There exist challenging problems in 3D human pose estimation mission, such as poor performance caused by occlusion and self-occlusion. Recently, IMU-vision sensor fusion is regarded as valuable for solving these problems. However, previous researches on the fusion of IMU and vision data, which is heterogeneous, fail to adequately utilize either IMU raw data or reliable high-level vision features. To facilitate a more efficient sensor fusion, in this work we propose a framework called FusePose under a parametric human kinematic model. Specifically, we aggregate different information of IMU or vision data and introduce three distinctive sensor fusion approaches: NaiveFuse, KineFuse and AdaDeepFuse. NaiveFuse servers as a basic approach that only fuses simplified IMU data and estimated 3D pose in euclidean space. While in kinematic space, KineFuse is able to integrate the calibrated and aligned IMU raw data with converted 3D pose parameters. AdaDeepFuse further develops this kinematical fusion process to an adaptive and end-to-end trainable manner. Comprehensive experiments with ablation studies demonstrate the rationality and superiority of the proposed framework. The performance of 3D human pose estimation is improved compared to the baseline result. On Total Capture dataset, KineFuse surpasses previous state-of-the-art which uses IMU only for testing by 8.6%. AdaDeepFuse surpasses state-of-the-art which uses IMU for both training and testing by 8.5%. Moreover, we validate the generalization capability of our framework through experiments on Human3.6M dataset.

3D pose estimation, Human kinematic model, Sensor fusion, IMUs

I Introduction

Fig. 1: Self-occlusions introduce challenge in estimating 3D human pose from only vision data. IMUs can provide extra occlusion-free information. Here ground truth poses are shown for clarity.

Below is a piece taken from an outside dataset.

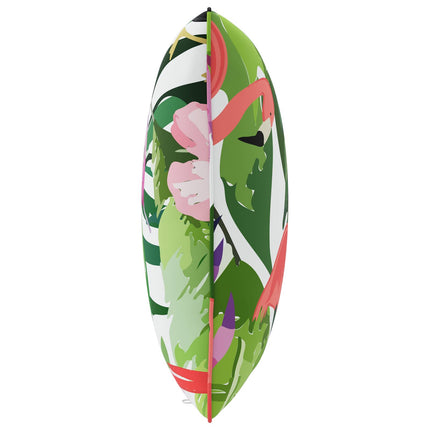 4-delte rygpuder PUTTEN 4 pcs 100% polyester Flerfarvet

3D human pose estimation is one of the most important problems in computer vision, which is closely related with human motion analysis, action recognition, human-computer interaction and so on [34, 51, 9, 1, 27]. The common solution of this problem is to predict the 3D keypoint coordinates of a predefined human skeleton from single-view [32] or multi-view RGB images [18, 39]. In this solution, it is widely known that occlusions or self-occlusion in images introduce stochastic estimation error in extracting image features. As shown in Figure 1, the occlusion is inevitable in vision data. It may significantly reduce the performance and result in unreasonable human pose [54, 22].

To cope with this problem, recently an increasing number of approaches attempt to integrate extra data from other sensors, such as IMUs [53, 44]. IMUs that are attached to human body can provide occlusion-free local information, which is valuable to improve the performance of 3D human pose estimation. Despite this, how to efficiently combine the data from vision and IMUs is intricate and challenging to explore. The main reason is that the information collected from cameras and IMU sensors is heterogeneous and hard to collaborate with each other in a fusion framework.

Some previous methods partially alleviate the difficulty of IMU-vision fusion from two different aspects, but also have respective shortcomings. The first category of approaches [55, 16] turn the different sensors data from heterogeneous into homogeneous. The IMU raw data is transformed to bone vectors [55] or volume features [16] to more conveniently fuse with high-level deep image features under learning-based frameworks. Since the outputs of these frameworks only contain global 3D coordinates of human joints, the transformed IMU data fails to fuse kinematic information or help generate anatomically more reasonable skeletons. The second category of approaches [10, 49] utilize the local rotation and acceleration data from IMUs to build energy terms and optimize generative models for pose estimation. Although these fusion methods employ IMU raw data, the generative models usually are not efficient enough compared to learning-based frameworks. Also, only low-level vision features such as silhouettes or estimated 2D poses are embedded into the optimization process.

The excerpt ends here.